Presidente da Câmara afirma que Casa não protege irregularidades e defende diálogo para conter excessos
O presidente da Câmara dos Deputados, Hugo Motta (Republicanos-PB), afirmou nesta sexta-feira (19) que o Judiciário “está cumprindo o seu papel” ao autorizar a operação que teve como alvos os deputados Sóstenes Cavalcante (PL-RJ) e Carlos Jordy (PL-RJ). Segundo Motta, a Câmara não irá proteger irregularidades, mas acompanhará o caso e dialogará diante de eventuais excessos.
A declaração foi feita após a deflagração da operação autorizada pelo Supremo Tribunal Federal (STF), que resultou em mandados de busca e apreensão contra os parlamentares do PL do Rio de Janeiro.
“Eu não vou fazer pré-julgamento. Não sei ainda a motivação nem o alcance da busca. Recebi apenas a ligação do diretor-geral da Polícia Federal informando sobre a operação.
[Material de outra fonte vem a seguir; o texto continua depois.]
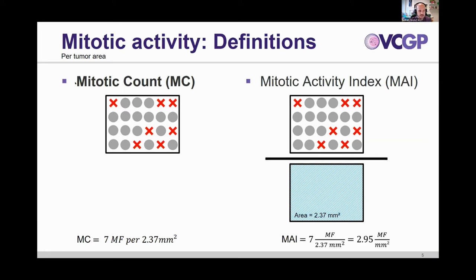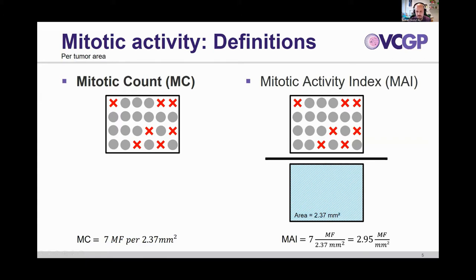The mitotic count is done routinely, even though it's often called mitotic index. We should use the term mitotic count. For mitotic count, we count mitotic figures among all the other tumor cells within a specific area. As previously detailed, we would like everyone to count or evaluate 2.37 square millimeters. So the mitotic count for this image would be 7 within 2.37 square millimeters. The mitotic activity index is very similar — you divide by that area — so the mitotic activity index would be approximately 3 mitotic figures per square millimeter.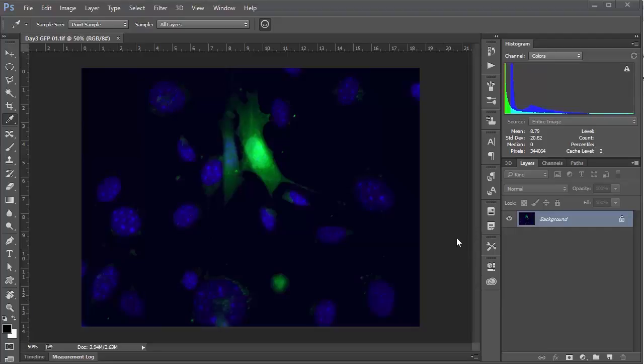Believe it or not, Photoshop actually has some pretty useful measurement tools, which I think are underappreciated. One of these tools is the count tool, which is especially useful if you're doing things like counting cells.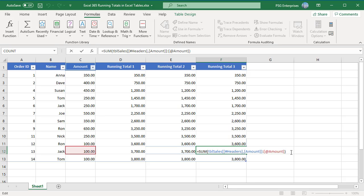This does not impact the results of the formula. All the cells between the header cell and current row are included in the calculation.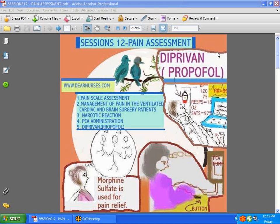Hi guys, just want to say happy 4th of July to all of you. Hope you have a good weekend. We're back with Session 12 on pain assessment. There's a load of information on this topic and I probably have not been able to cover everything, but you can go to dearnurses.com to learn more. Today we're going to talk about the pain scale assessment, management of the patient on a ventilator, cardiac and brain surgery patients, narcotic reactions, PCA administration, and Diprivan — the other name for it is Propofol.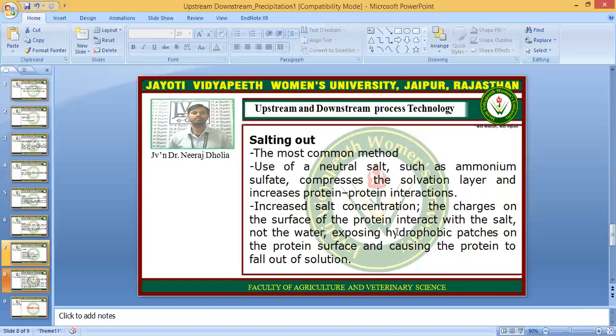When salt is added, the charged parts of the protein interact with the salt, not with the water. If salt is available in the solution, the charged parts of the protein interact with the salt and not with water, exposing the hydrophobic patches on the protein surface. This leads to aggregation and precipitation of the proteins.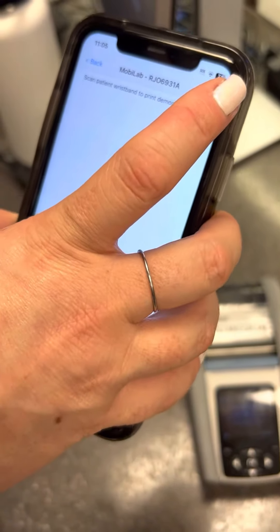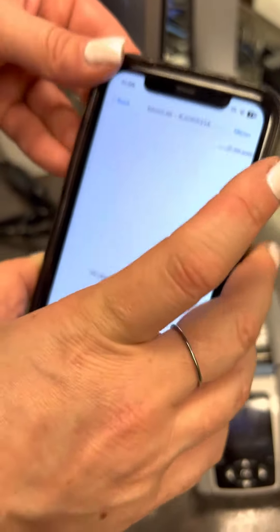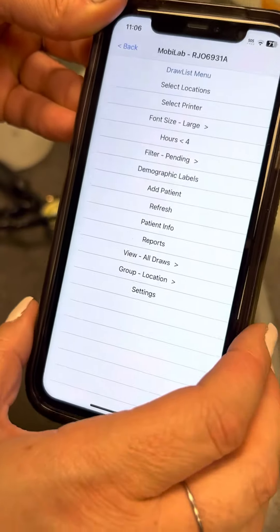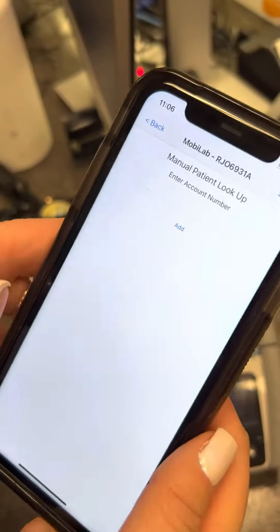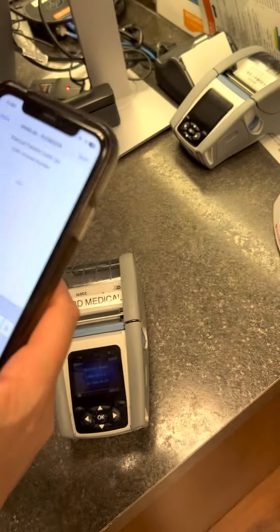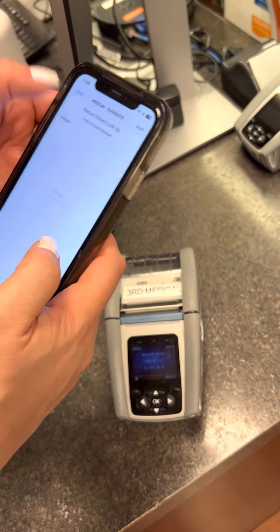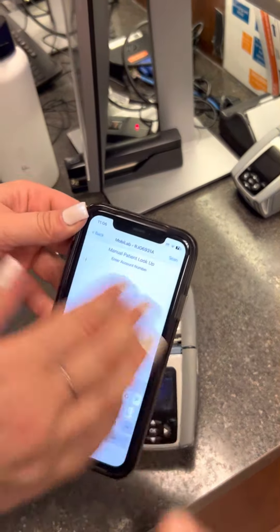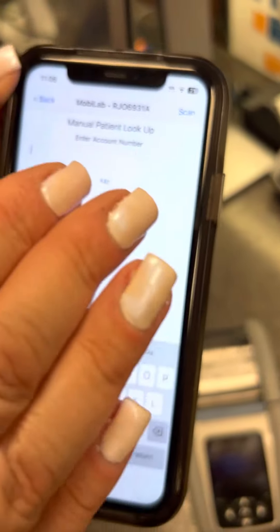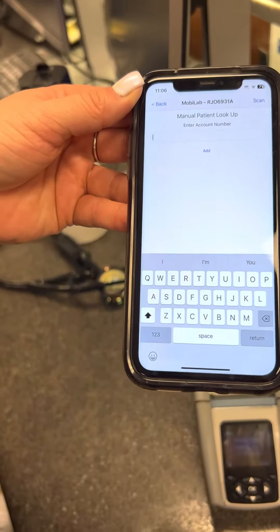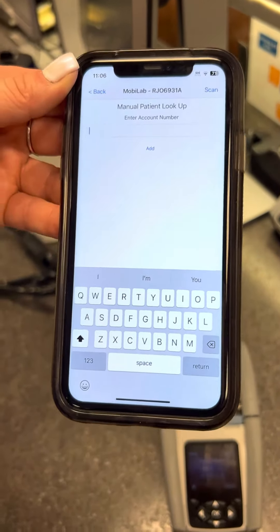You scan their wristband. Generally you'll be assigned to your patients and it'll pull them up. I'm assigned to my patients but mine don't have any labs ordered, but it'll pull up the labs for your patients. You can also type the name in of the person to search.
Pelo que foi dito, trata-se de investigação sobre questão de gabinete, mas não quero antecipar qualquer avaliação”, afirmou Motta, durante café da manhã com jornalistas.
O presidente da Câmara disse que é natural que não haja satisfação diante de investigações contra parlamentares, mas ressaltou que o Legislativo não deve se colocar como escudo.
“A Câmara não tem compromisso em proteger aquilo que não é correto. Ninguém fica feliz quando um colega é alvo do Judiciário, mas o Judiciário está cumprindo o seu papel e não vamos defender o que não se pode defender”, disse.
Motta acrescentou que, se houver exageros por parte do STF, a atuação deve ocorrer por meio do diálogo institucional entre os Poderes.
“Se existir algum exagero ou exacerbação, cabe ao presidente da Câmara dialogar com o Supremo, com equilíbrio e serenidade, posicionando a Casa com firmeza para evitar possíveis abusos”, declarou.
A Polícia Federal investiga suspeita de desvio de recursos da cota parlamentar em benefício próprio, por meio de servidores comissionados ligados aos gabinetes de Sóstenes Cavalcante e Carlos Jordy. Ambos negam irregularidades. Jordy afirmou nas redes sociais que é alvo de “perseguição” e “pesca probatória”.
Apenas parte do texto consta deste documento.